Se se escreve pouco sobre teatro, sobre a comédia menos ainda. Daí que o Tratado sobre a arte de escrever comédias de Stendhal (1813), inserido no livro "Do Riso, um ensaio filosófico sobre um tema difícil e outros ensaios", seja uma relíquia para quem se interessa pelo assunto. Optei aqui por me limitar à transcrição de algumas das suas observações sobre o assunto.
 
 
«É em vão que se pretende ser artista sem ter engenho.»
 
«Não há um único juízo sem a cooperação de todas as faculdades intelectuais. Não há nada que possa ser exclusivamente atribuído à sensibilidade, à memória, ao juízo ou à vontade.»
 
«Estudar o tédio, essa hedionda causa das belas-artes, é tentar entender o que se passa em nós quando estamos entediados e quando deixamos de estar.»
 
«Nas artes, nunca podemos perder de vista o objectivo.
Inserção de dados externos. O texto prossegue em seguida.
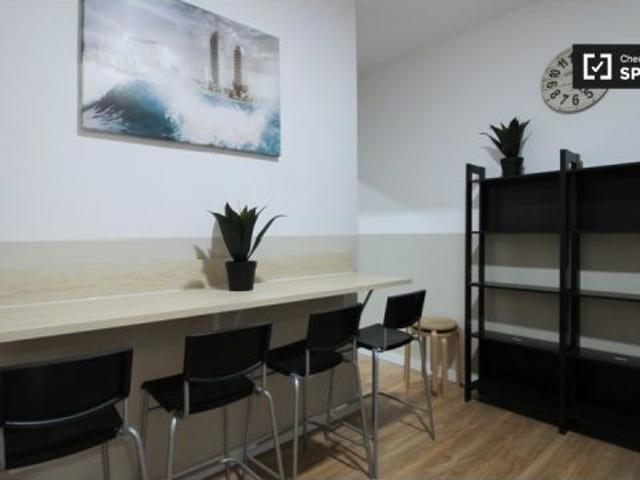Acogedora habitación en alquiler en apartamento de 6 dormitorios en El Raval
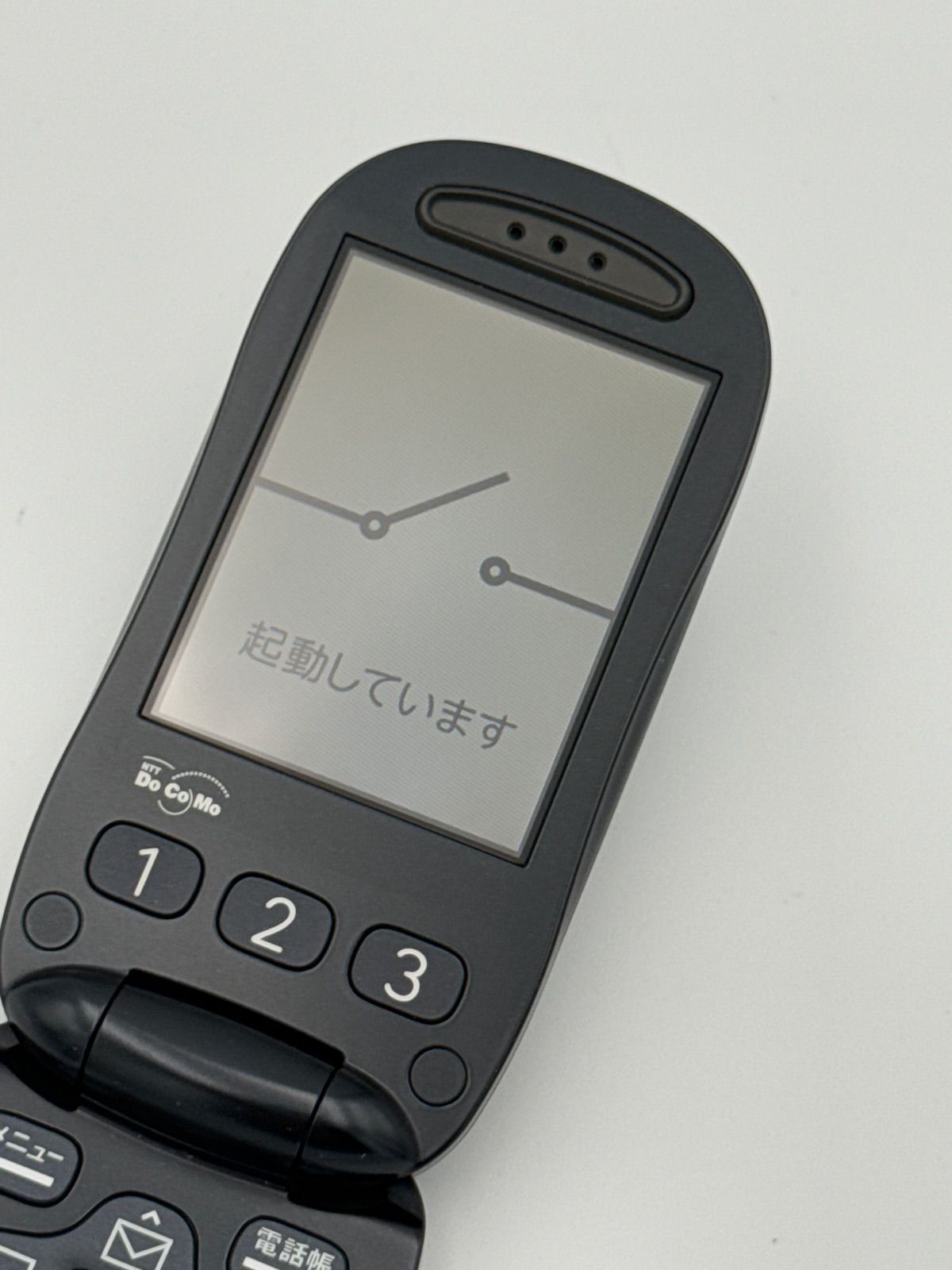 docomo らくらくホン ベーシックS F883iS ガラケー オーシャンブラック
Só quando o atingimos é que damos conta do esforço.»
 
«O intuito moral é um disparate [...]. O único intuito é fazer rir.»
 
«Breve conjunto de princípios:
1º princípio: Ser cómico é enganar-se nos meios de atingir o objectivo.
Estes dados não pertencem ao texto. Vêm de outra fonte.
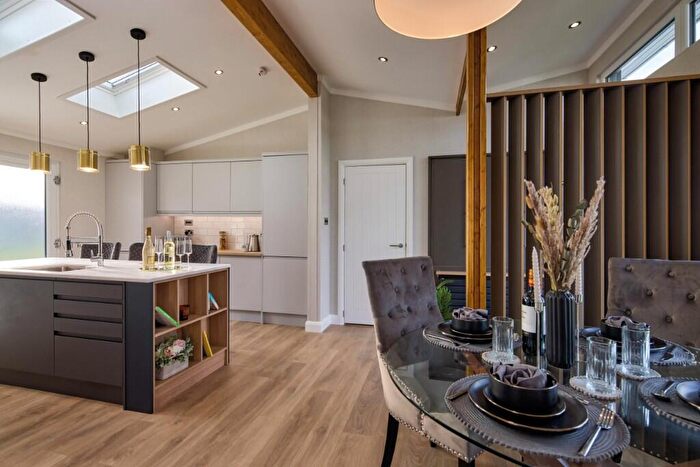 2 Bedroom Detached Bungalow For Sale In The Hampton, Newport, Isle Of Wight, PO30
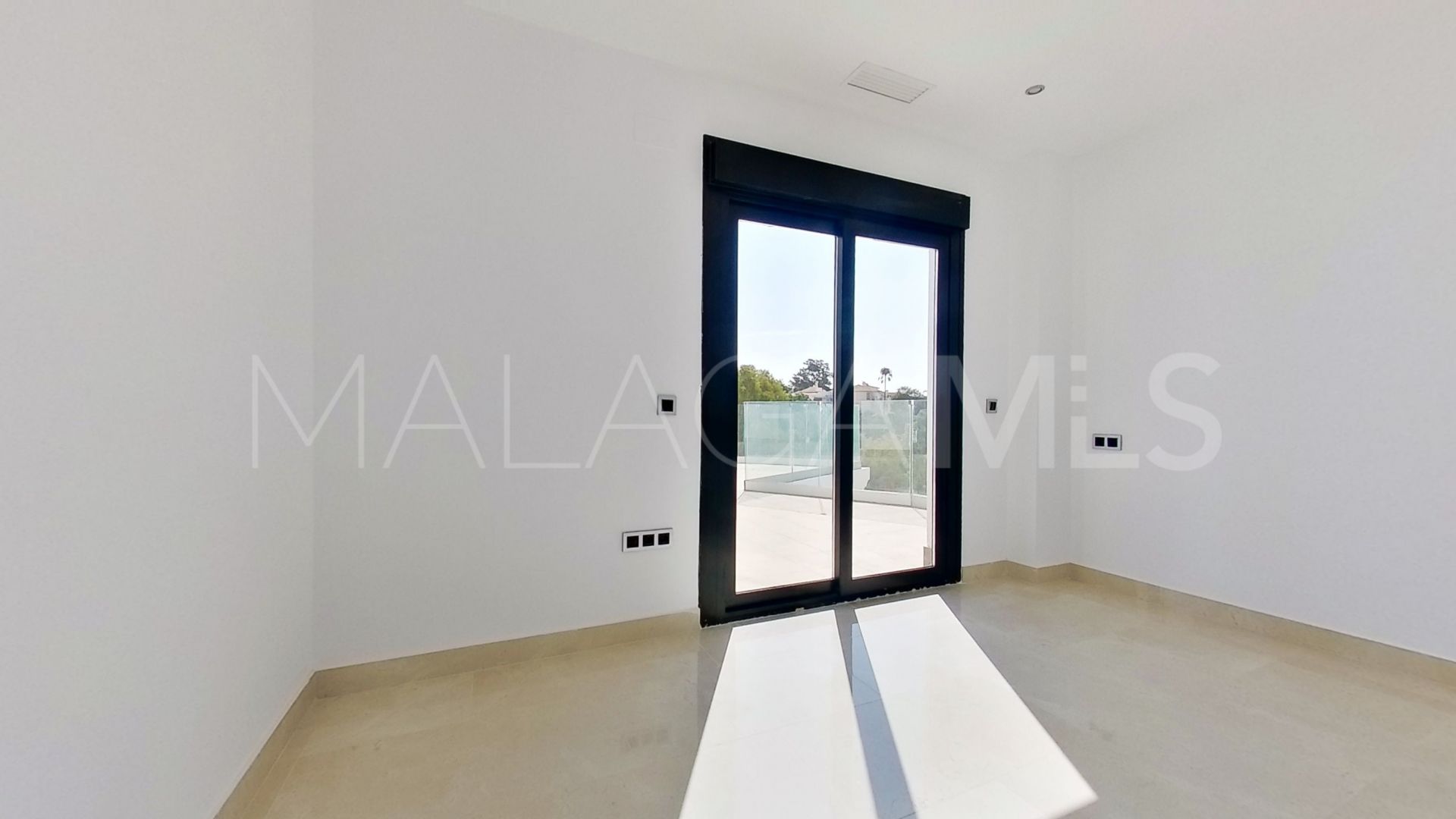 Villa for sale in Benalmadena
2º princípio: No homem mal-humorado os efeitos do cómico custam a fazer-se sentir. Para o apaixonado, o cómico não tem grande importância.
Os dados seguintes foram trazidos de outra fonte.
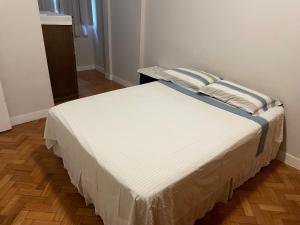 Apartamento grande, confortável, metrô, praias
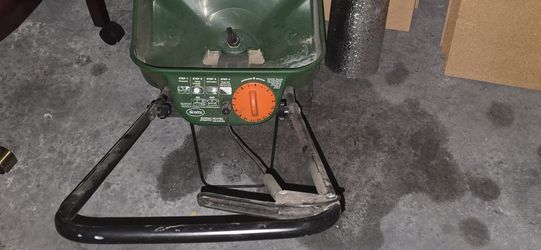 Scotts fertilizer spreader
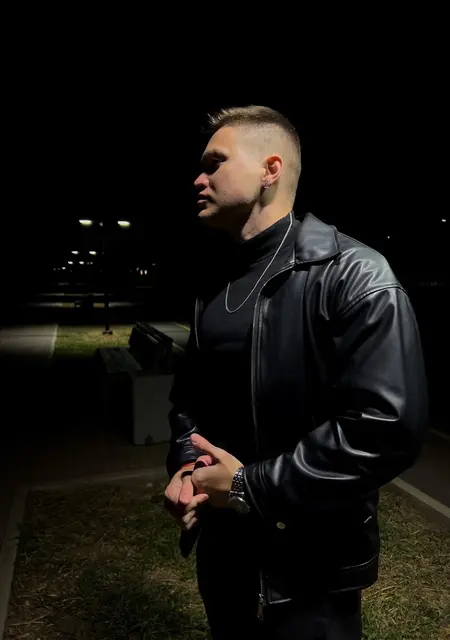 Я Evgeny, 26, из Коврова, ищу знакомства без обязательств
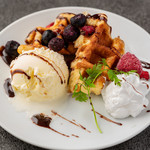 Waffle with ice cream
3º princípio: Será que em todas as comédias, quando se reconhece o hábito de uma alma viciosa, esse hábito deve sujeitar o homem de vícios às maiores desventuras desse hábito vicioso?
4º princípio: A verdadeira boa disposição francesa deve dar a entender aos ouvintes que o interlocutor está bem-disposto apenas para lhes agradar.»
 
Em Da Comédia (1816), incluído na mesma obra:
 
«Tudo pode ser objecto do cómico [...] apenas o talento escasseia.»
 
«O cómico deve ser exposto com clareza (entendo por cómico tudo o que provoca o riso: um gesto, uma palavra, uma expressão).»
 
«Eis os únicos limites do riso: a compaixão e a indignação.»
 
«O nosso amor-próprio, que exige respeito e por vezes está meio ferido, delicia-se com a visão imprevista da inferioridade de uma pessoa que julgávamos ser superior a nós ou , pelo menos, rival da nossa superioridade.
Se suspeitamos que essa pessoa finge ser superior, então redobra a nossa sede de gozo.»
 
«O mais pequeno detalhe, a mais leve circunstância é decisiva para provocar ou impedir o riso. Nada é mais delicado do que o riso. A ausência da menor condição retira o seu efeito ao aspecto mais cómico, impedindo que o riso surja.»
 
«As generalidades não provocam o riso. Para ridicularizar e fazer rir, os detalhes são essenciais.»
 
«Bocejamos quando vemos outras pessoas bocejarem. É por uma razão semelhante que estar acompanhado favorece o riso.»
 
 
Fonte: Stendhal. (2008) Do Riso - Um ensaio filosófico sobre um tema difícil e outros ensaios. Mem Martins: Publicações Europa-América.